Version-Release number of selected component (if applicable):
Steps to Reproduce:
1.Install RH 7.2
2.Don't touch machine all night
Actual Results: In the morning (9AM) the machine shows 4AM (approx). When
netdate to update the clock my screen blanks momentarily. BTW, I
see the same kind of screen blanking twice during the
boot sequence (during those messages [OK]...). NOTE: while the clock
seems to be turned off, my modem is not, because my ISP connection is
still active in the morning.
Expected Results: Machine should keep the correct time.
Correction to my submission: Looks like Red Hat 7.2 out of the box does not
suffer from this problem because I just tested booting with the original
kernel. This leads naturally to a question that I submitted to Red Hat (as
a registered user) but never received a response to. Namely, where do I find
the exact kernel configuration that was used to build the kernel that is
shipped with Red Hat 7.2? I used the srpm that is on the CD but it does not seem
to be ready to compile with the particular configuration used by Red Hat. If
I can find this configuration then I can figure our what kernel config option
is causing this clock problem.
The easiest way to get to the config file is to install the kernel-source rpm;
if you have done that the config files (there's more than one, eg one for smp
etc) in /usr/src/linux-2.4/configs ...........
I already installed the kernel source RPM yet I cannot find the source tree
and configuration used by Red Hat to build Version 7.2. All I find are a bunch
of empty directories with names like i386, i686, etc., and some patch files. I
am looking under /usr/src/...
I tried building a kernel using the latest 2.4.16 source, and there was a
promising lead: the char device with major/minor 10/183 could not be found at
boot time. Turns out this is the real-time clock, and when I enabled RTC in
the configuration this boot error message went away. Unfortunately, this did
not fix the clock problem. It is now 12AM, yet the clock on my PC shows 3PM
after sitting idle all day.
It would be helpful if I can find the source tree and configs used by Red Hat.
You are probably talking about the kernel-2.4.X-Y.src.rpm; there also is a
kernel-source-2.4.X-Y.i386.rpm ! that one puts the full source in
/usr/src/linux-2.4 and the configs in the configs subdirectory of that
I tried the original Red Hat 7.2 kernel again.

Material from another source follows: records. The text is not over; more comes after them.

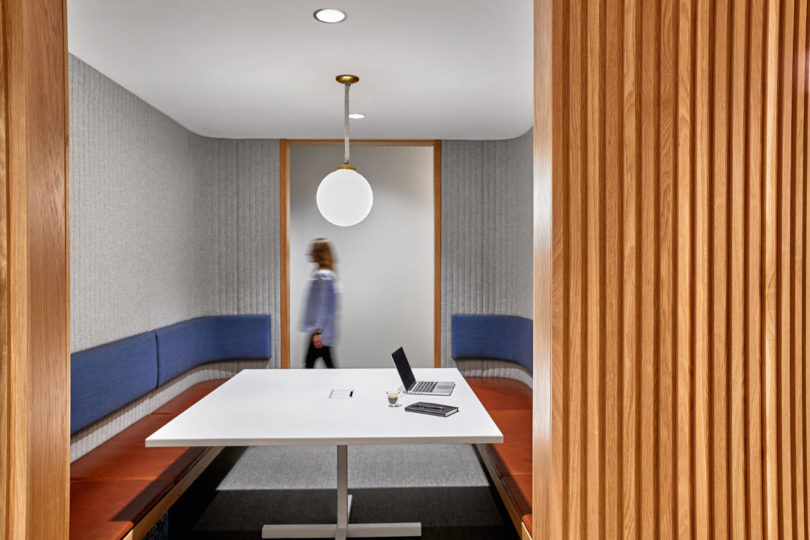 Studio O+A Designs New Offices for Sapphire Ventures in Palo Alto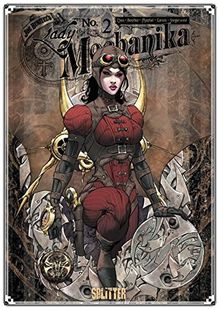 Lady Mechanika. Band 2: Buch 2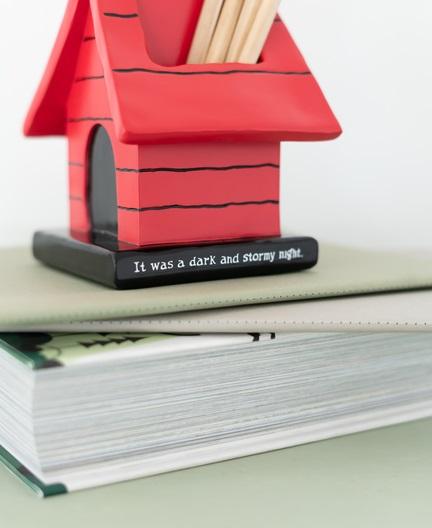 SNOOPY - 3D Pencil Holder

I let it run all day today, and
again my clock is behind (by 2 hours), so finding the kernel source is not
going to help. My PC keeps the right time only when I run Windows!
To reset the time I run netdate, and when I do this my screen blanks (seems
to go into sleep mode). I have to hit a key to wake it up, and at that point
the time has been correctly set by netdate. Another strange behavior when I
run the original kernel is that my PPP dialup connection is always dropped
after a while, yet it stays up when I run kernel 2.4.16! (It stays up
because I use 'lcp-echo-interval 60' in my /etc/ppp/options file, but this
does not seem to have any effect when I run the RH 7.2 kernel!)
I have the resolution, but I would not call this "NOTABUG". The man page for
hwclock explains that there are two clocks, the CMOS (or hardware) clock and
the software (interrupt driven) clock maintained by Linux (initialized from
the hardware clock at boot time). The problems described above were caused by
the fact that in my BIOS I had "SUSPEND AFTER 20 MINS" turned on. This does not
cause any problems for Windows 2000, but it does for Linux. Looks like when
the machine goes into SUSPEND mode the Linux clock runs slow (or stops?).
Note that the hardware clock itself does not run slow, and the Linux software
clock can be fixed with /sbin/hwclock --hctosys. Running this command when the
clock is slow will put the monitor to sleep because it thinks it has been idle
for a long time.
The work-around is to turn off SUSPEND mode completely in the BIOS.